As was the fashion at the time the 75-205mm was sold as a quasi-macro lens. It doesn't have a special macro mode, it just focuses very closely, down to around 1:4 life-size. Just for fun here's my Mamiya C33 at the minimum focus distance, 205mm, f/11:


The 75-205mm is surprisingly sharp up close but suffers from purple fringing, and of course the depth of field is tiny, here shown at f/3.8 and then f/11:


I said awkward. It's a push-pull-twisty-turny telephoto zoom with a fairly loose focusing control. Autofocus was invented for telephoto lenses and basically killed off manual focus telephoto zooms; you can still buy manual focus prime lenses today, because they're classy, but no-one sells a manual focus telezoom any more.

For video use it's a non-starter for any number of reasons, not least because it's varifocal. Perhaps if you hanker for the desaturated, heavily vignetted, watery look of 1970s zoom lens cinematography it might work, but even then it's not zoomy enough to recreate the likes of Barry Lyndon or those lesbian vampire films with Brigitte Lahaie. Or those godawful films by Tinto Brass where he just zooms the lens in and out and cuts between shots at random. If you want to make a lesbian vampire film you'll need to get hold of a bunch of naked virgins and a castle, and that's difficult - in fact you'll have exactly the same problems that made life hard for real-life vampires.

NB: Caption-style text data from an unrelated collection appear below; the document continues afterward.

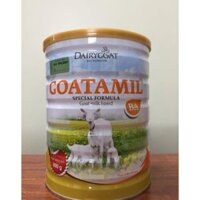 Sữa dê Goatamil ba cho trẻ nhẹ cân suy dinh dưỡng hộp 800g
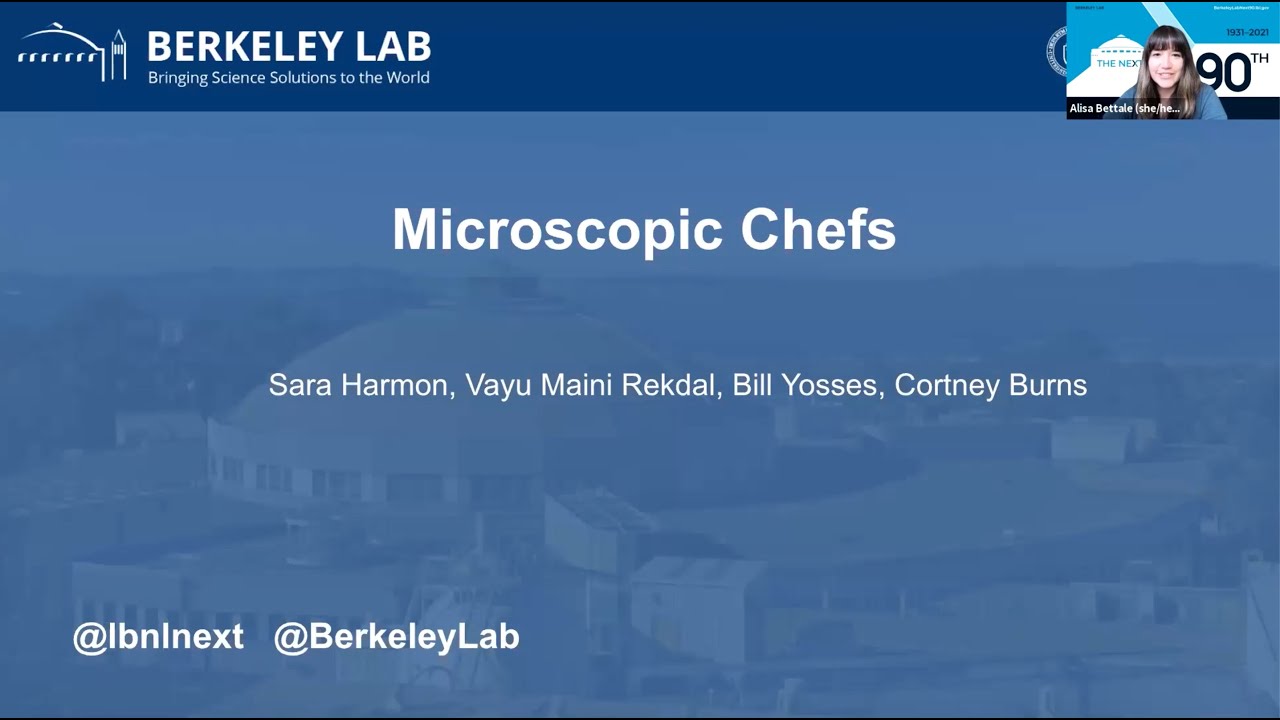 Live Science: Microscopic Chefs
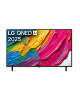 LG 50QNED80A3A | 50 | Smart TV | webOS 25 | UHD | Black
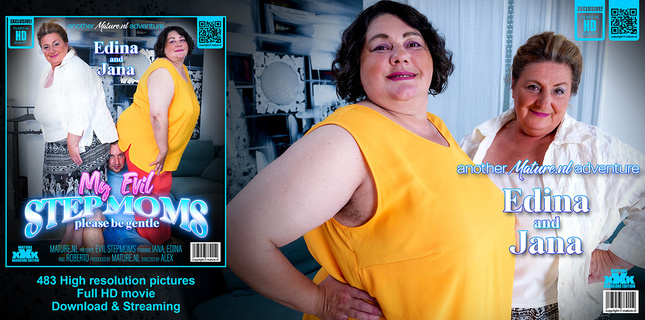 Сусід дарує двом пишним дівчатам незабутнє задоволення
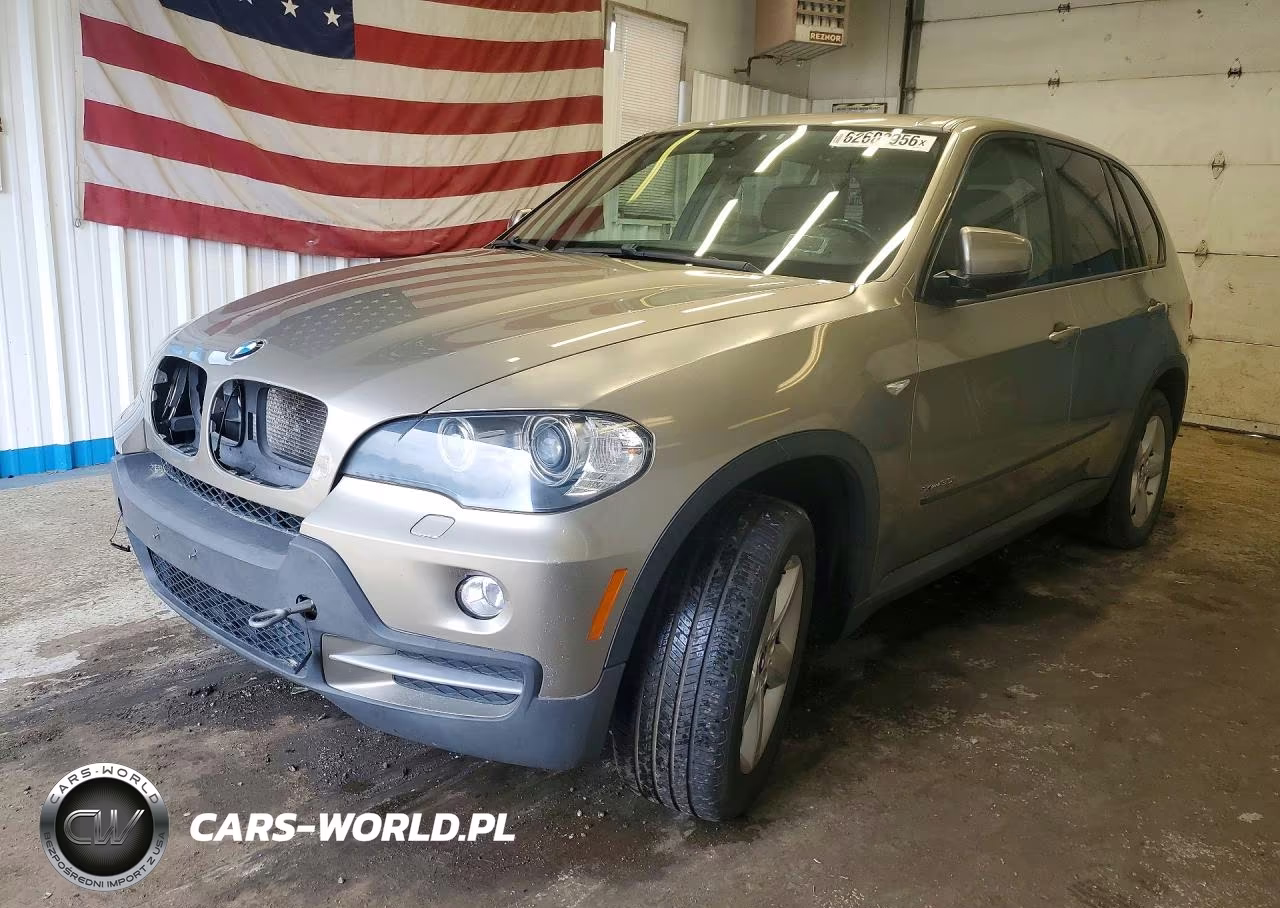 2010 BMW X5 xDrive30I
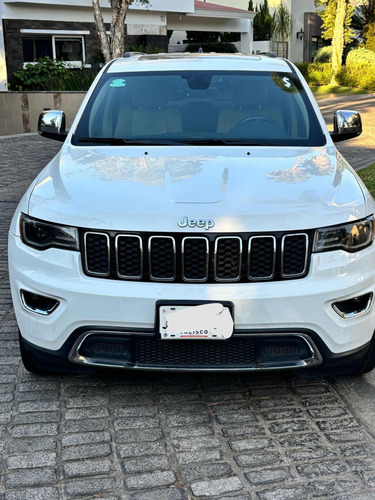 Jeep Grand Cherokee 3.6 Limited Lujo 4x2 Mt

Also fake blood. As a consequence the 75-205mm f/3.8 and its ilk are widely available cheaply on eBay and in second-hand shops across the land because no-one wants them. The 75-205mm f/3.8 was one of about half a dozen telephoto zooms sold by Vivitar with a similar specification; it appears to be less common than the others. Of course nowadays your digital SLR probably came with a decent-but-slow telephoto zoom lens and both Nikon and Canon will sell you reasonably-priced, very sharp, autofocus 70-200mm f/4 lenses with or without image stabilisation, the end. And also, yes, as a full-frame 35mm lens it will adapt for mirrorless cameras, but it would be incredibly unbalanced and I dread to think how you would hold it comfortably.